Windermere Real Estate Services
- Type: Privately held company
- Industry: Real Estate
- Founded: 1972
- Founder: John Jacobi
- Headquarters: Seattle
- Number of locations: 300
- Key people: Geoff Wood (Chief executive officer and Co-President); Jill Jacobi Wood(Co-president); OB Jacobi (Co-president); Brooks Burton (Chief Operating Officer);
- Services: Residential real estate services and investment];
- Number of employees: 7000
- Website: windermere.com

= Windermere Real Estate =

American real estate company

Windermere Real Estate is a real estate company founded in 1972 and based in Seattle, Washington. It is a privately held company and is the largest regional real estate company in the Western U.S., with over 300 offices and 6,500 agents.

== History ==
Windermere Real Estate was founded by John W. Jacobi in 1972, when he purchased an eight-agent office in Seattle, Washington. It grew outside Seattle in 1984 with an office on Bainbridge Island. As of 2019, Windermere had offices in Washington, Oregon, California, Idaho, Montana, Nevada, Arizona, Hawaii, Utah, Alaska, Mexico, and Colorado. All Windermere offices are locally owned and operated.

In 1989, the company created the Windermere Foundation to support low-income and homeless children and families throughout its footprint. A portion of every commission on a real estate transaction is donated directly to the Foundation in addition to other fundraisers held at office, regional, or company-wide events, including an annual Community Service Day.

In 2010, Windermere created Windermere Solutions, a web platform for agents. Windermere Solutions rebranded as MoxiWorks in 2014 and began operating independently of Windermere Real Estate. In 2015, Windermere partnered with Porch.com to integrate their data with MoxiWorks.

On March 12, 2013, Windermere announced that it would add drive times to and from work as an attribute of new home buying. According to INRIX, Windermere is the first real estate company to offer this feature. On August 9, 2013 Windermere added Search by Drive Time as a new home buyer feature to its website.

In 2016, Windermere Real Estate entered a three-year agreement to be the "Official Real Estate Company of the Seattle Seahawks". In November 2016, Windermere launched the "W" Collection, a luxury residential real estate brand for houses priced over $3 million. The "W" Collection was an extension of the company's Premier Properties program.

In 2006, D'Ambrosio & Associates Realtors joined Windermere as a subsidiary. In 2018, Windermere Real Estate acquired a 50 percent stake in West Coast Commercial Realty, a Seattle-based commercial real estate firm.

Geoff P. Wood, the son-in-law of founder John Jacobi, became president of the Windermere Real Estate Company in 1999. He was promoted to CEO in 2003 and became co-president in 2007. Jill Jacobi Wood, daughter of John Jacobi, was appointed President of Windermere Real Estate Company in 2003. In 2009, OB Jacobi, John Jacobi's son, was appointed co-president. As of 2007, John Jacobi served as chairman of the board for Windermere Real Estate Company after ceasing participation in day-to-day operations.
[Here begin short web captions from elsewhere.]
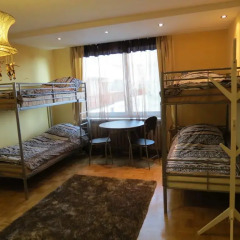 Отель The Lotus Guest House Кровать в общем номере с двухъярусной кроватью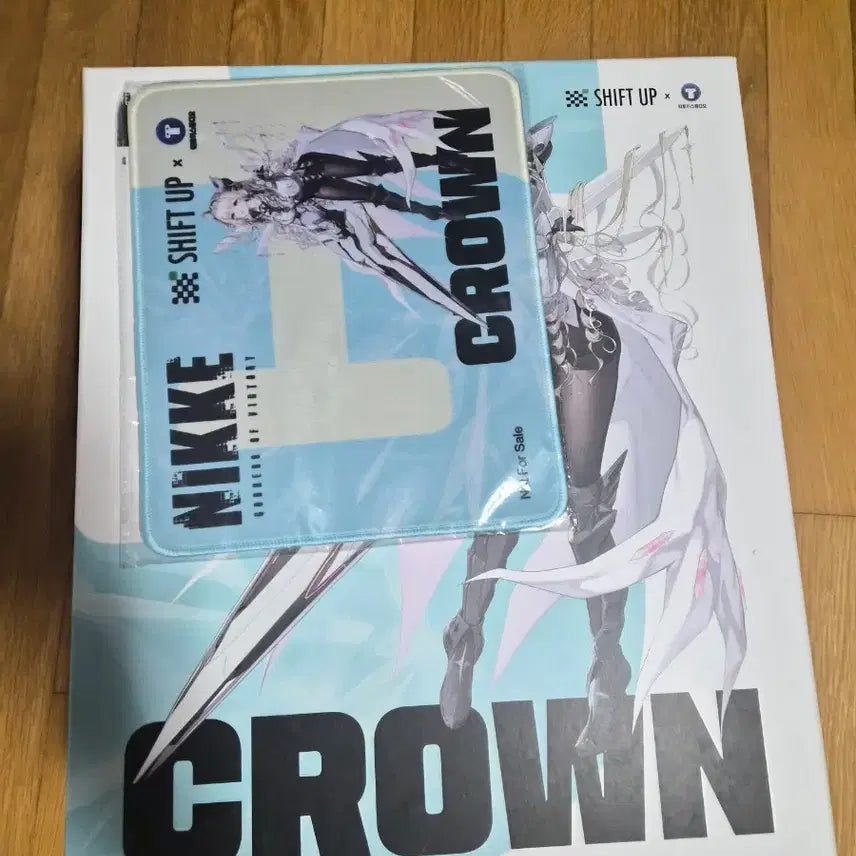 [BUNJANG] Goddess of Victory: Nikke Crown 1/6 Scale Figure + Mousepad Set / 승리의 여신 니케 크라운 1/6 스케일 피규어+마우스패드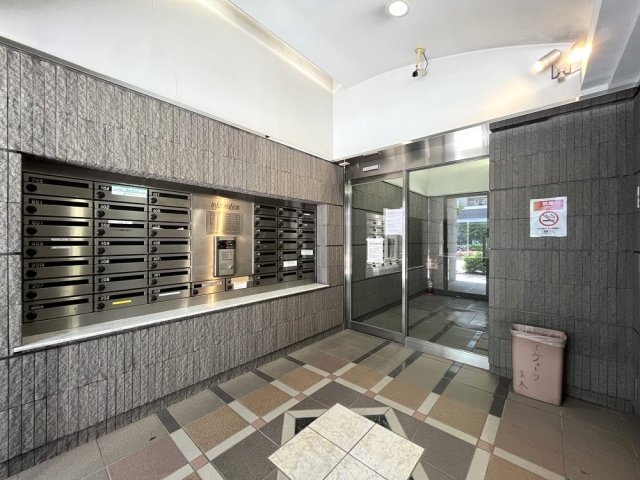 ア・ヴェーラ並木2階 エントランス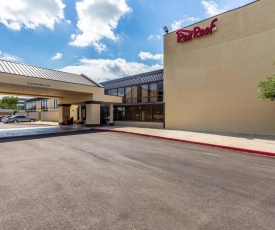 Red Roof Inn PLUS+ & Suites Houston – IAH Airport SW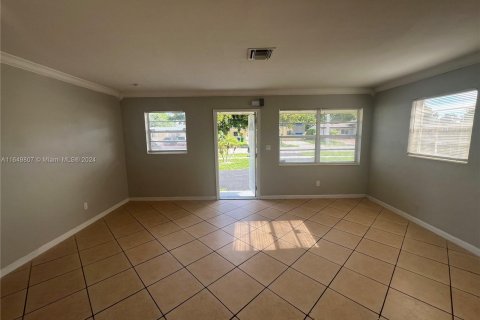 Casa en venta en Miramar, Florida, 2 dormitorios, 97.45 m2 № 1352118 - foto 5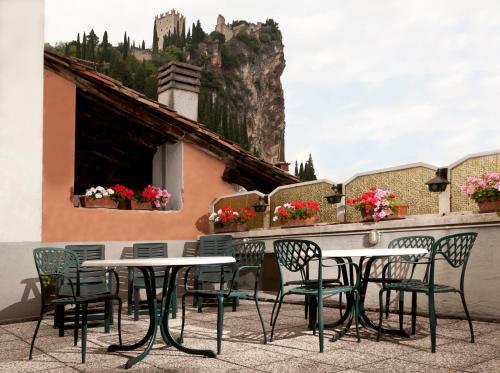 Hostal Hotel Marchi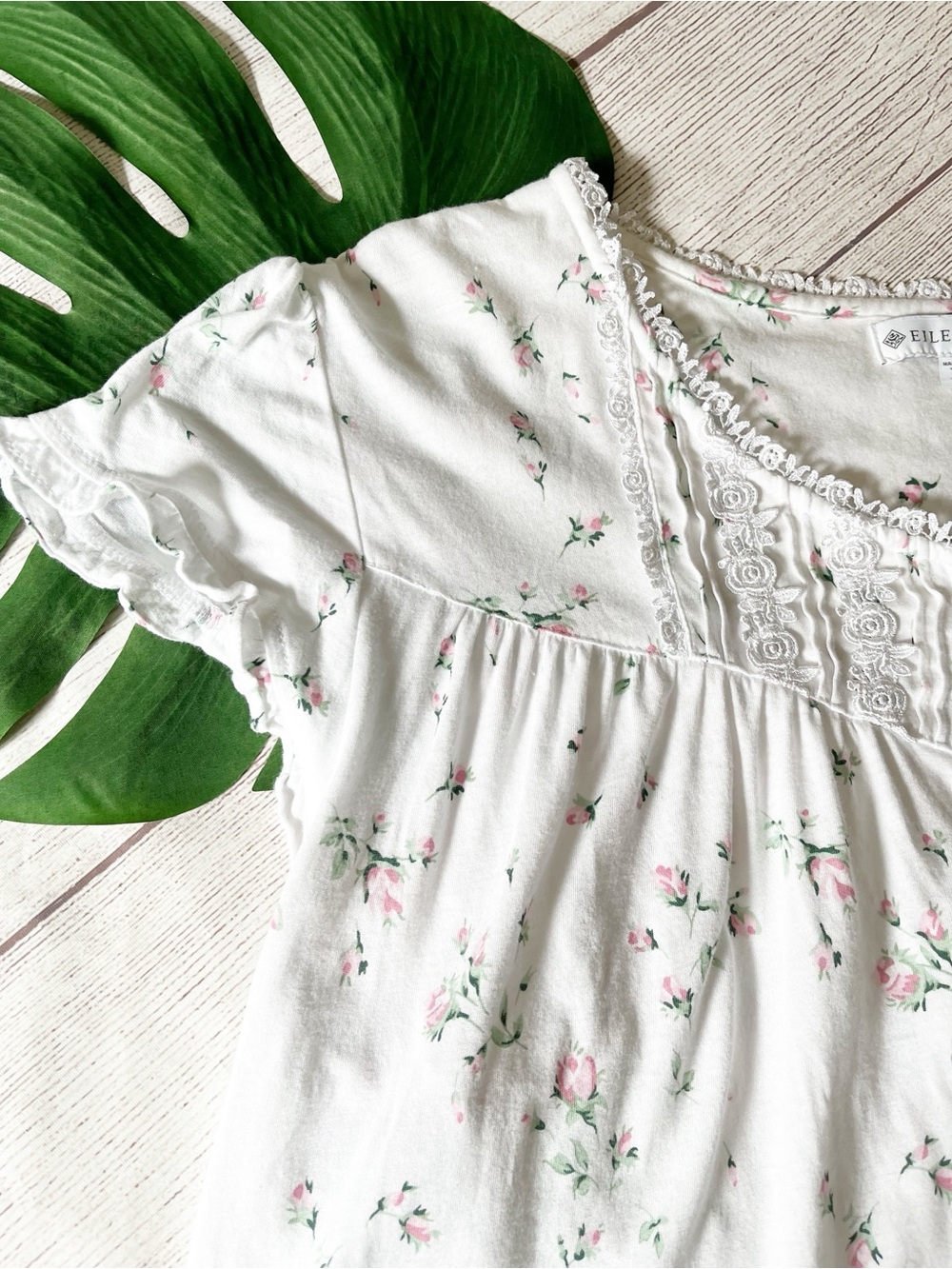 Eileen West long rosebud print cap sleeve nightgown - Picture 9 of 14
In 2017, Windermere appointed its first COO, Brooks Burton.

== Philanthropy and awards ==
In 1987, Windermere Real Estate sponsored the first Windermere Cup, a crew race in the Montlake Cut of the Lake Washington Ship Canal, which became an annual event. In 2002 the company began sponsoring the Cascade Cup.
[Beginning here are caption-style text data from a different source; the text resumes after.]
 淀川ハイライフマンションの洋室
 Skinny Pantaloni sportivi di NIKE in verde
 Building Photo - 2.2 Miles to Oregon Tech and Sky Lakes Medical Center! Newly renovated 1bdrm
In 1989, the company established The Windermere Foundation to support low-income and homeless families. The foundation won the Corporate Philanthropy Award in 2018 from the Portland Business Journal.
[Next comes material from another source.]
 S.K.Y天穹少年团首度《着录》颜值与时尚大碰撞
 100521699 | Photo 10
In 2003, Windermere launched a program called Home For The Holidays, which pays one year's rent for seven families in the Puget Sound Region.

In 1999, Windermere Real Estate received the Washington Family Business of the Year Award (Large Business) from the Pacific Lutheran University Family Enterprise Institute.

In 2008, Windermere Real Estate was named the "Top Private Company" by Washington CEO magazine. In 2013, Windermere was awarded the Succession Award from Seattle Business Magazine. In 2015, Inman nominated Windermere for their Most Innovative Real Estate Company award.